**Exercise directions**. Leaving pictures aside, set down each line exactly, from the first line of the data to the line with "2011 BMW 5-Series Brochure Page 29", both included.

**Recorded data**.

*** Begin section ***

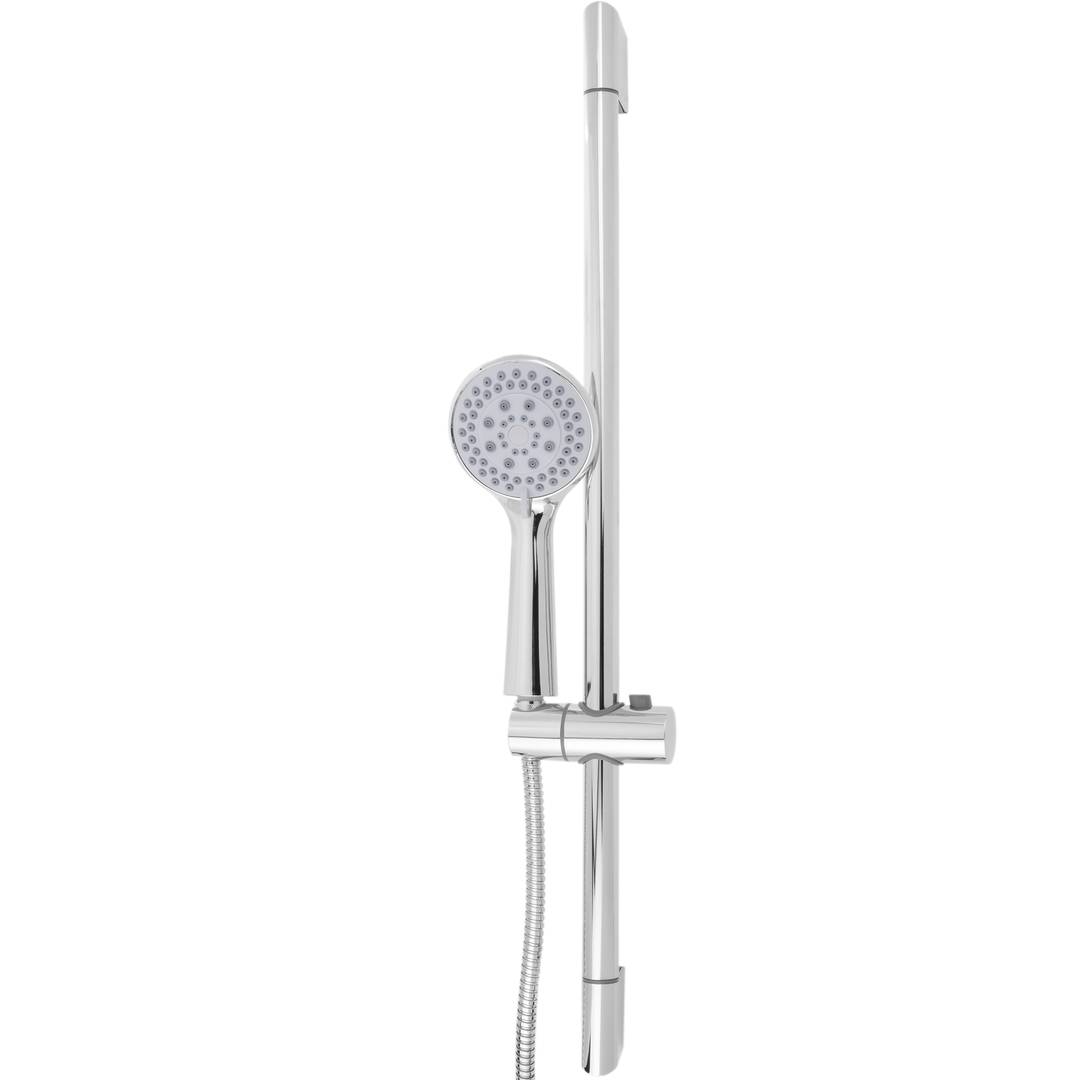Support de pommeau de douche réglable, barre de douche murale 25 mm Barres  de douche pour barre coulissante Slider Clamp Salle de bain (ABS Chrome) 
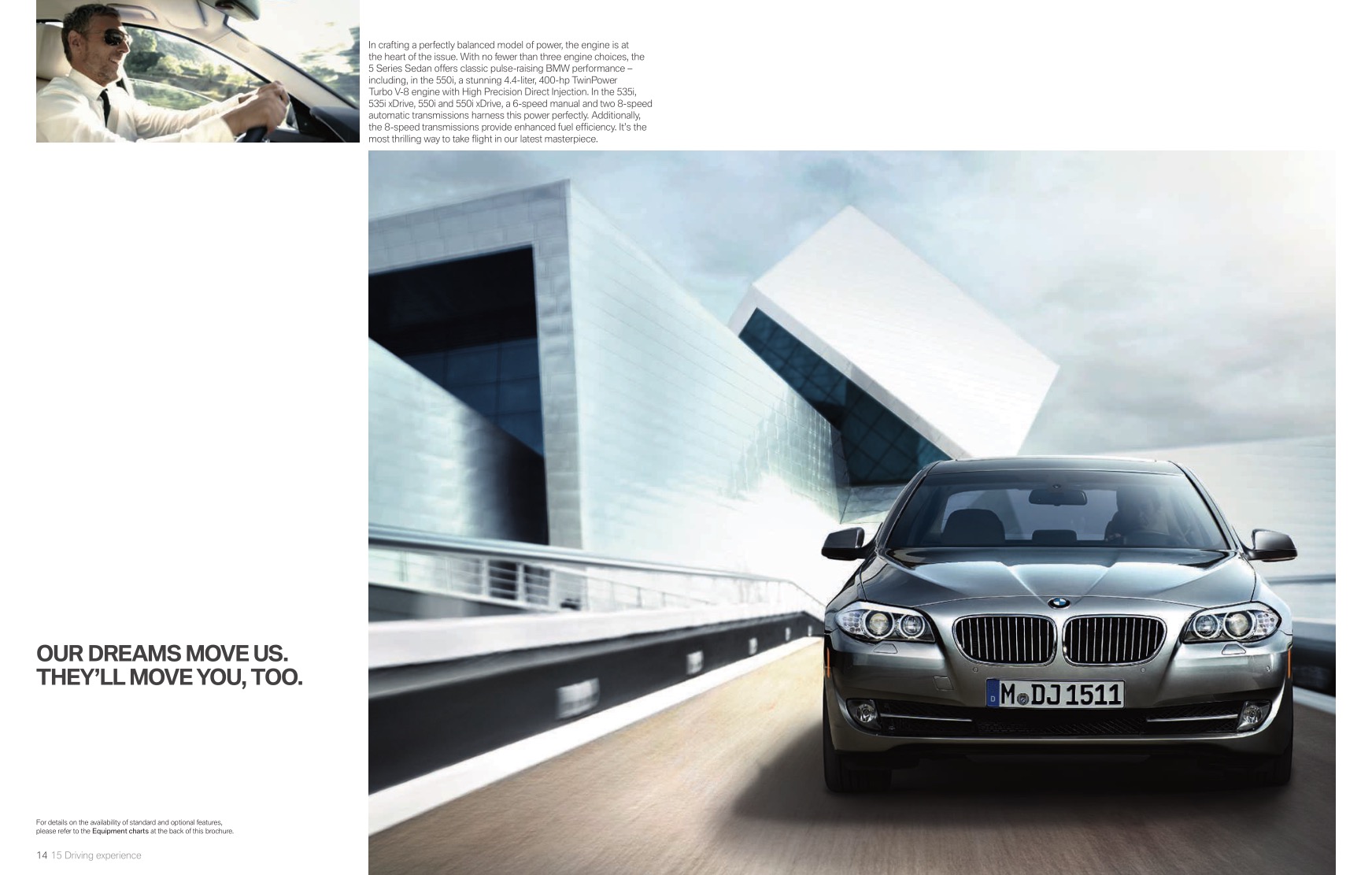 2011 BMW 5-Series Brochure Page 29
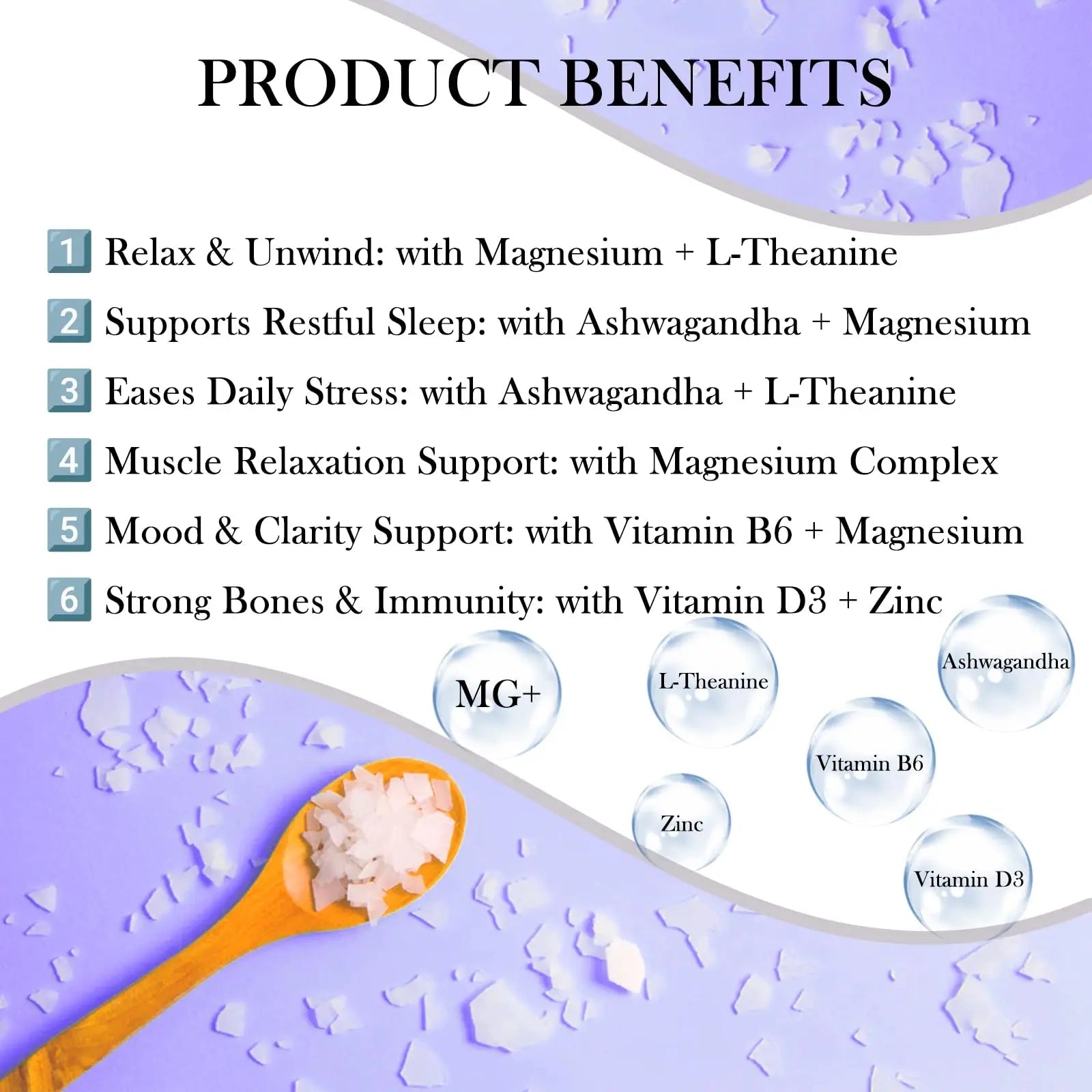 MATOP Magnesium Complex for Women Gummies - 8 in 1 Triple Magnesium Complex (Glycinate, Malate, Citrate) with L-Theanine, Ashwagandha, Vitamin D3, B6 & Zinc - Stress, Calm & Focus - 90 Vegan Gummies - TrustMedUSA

*** End section ***

**Result for this task**.
Support de pommeau de douche réglable, barre de douche murale 25 mm Barres  de douche pour barre coulissante Slider Clamp Salle de bain (ABS Chrome) 
 2011 BMW 5-Series Brochure Page 29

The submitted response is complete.